From 8865da157bea1b25afc4ff28031858d557363290 Mon Sep 17 00:00:00 2001
From: "sangho.lee" <sanghol@allenai.org>
Date: Wed, 15 Oct 2025 02:13:59 -0500
Subject: [PATCH] [Bugfix][Multi Modal] Fix incorrect Molmo token processing
 (#26873)

Signed-off-by: sanghol <sanghol@allenai.org>
---
 vllm/model_executor/models/molmo.py | 7 +++++--
 1 file changed, 5 insertions(+), 2 deletions(-)

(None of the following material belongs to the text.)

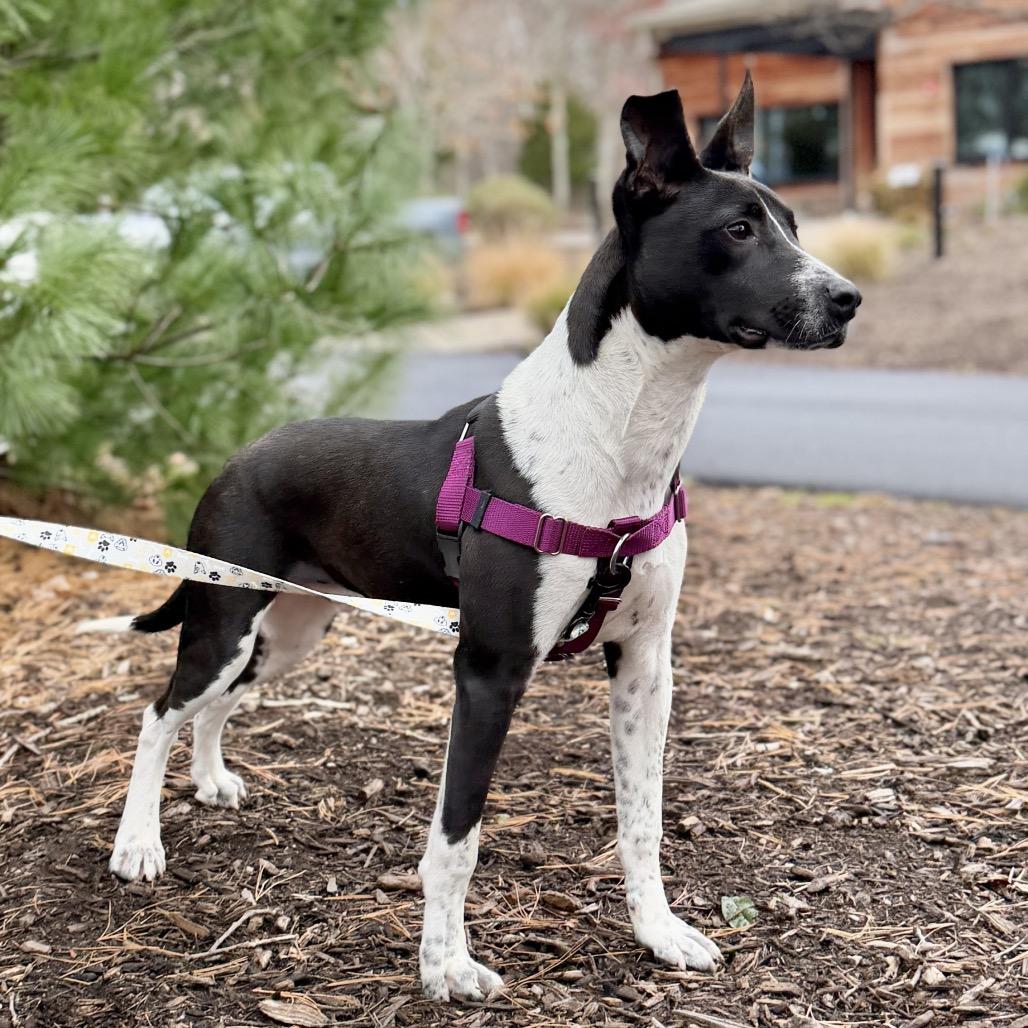 Dawson, a Adoptable mixed breed in East Hampton, NY image 4/4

diff --git a/vllm/model_executor/models/molmo.py b/vllm/model_executor/models/molmo.py
index 106aaf413e99b..dce94d181c4cd 100644
--- a/vllm/model_executor/models/molmo.py
+++ b/vllm/model_executor/models/molmo.py
@@ -1264,13 +1264,16 @@ class MolmoMultiModalProcessor(BaseMultiModalProcessor[MolmoProcessingInfo]):
     ) -> list[int]:
         processor = self.info.get_hf_processor()
 
-        # Apply the chat template to the tokens
+        # The chat template is already applied to the prompt tokens
+        # Use message_format="none" to avoid applying it again
+        # Prepend an empty space if `always_start_with_space` is True
         tokens = processor.processor.get_tokens_input(  # type: ignore
             self.info.get_tokenizer().decode(prompt_tokens),
-            message_format=processor.message_format,
+            message_format="none",
             always_start_with_space=processor.always_start_with_space,
         )
 
+        # Prepend a BOS token id to the tokens
         processed_data = self.info.ctx.call_hf_processor(
             processor,  # type: ignore
             dict(tokens=tokens),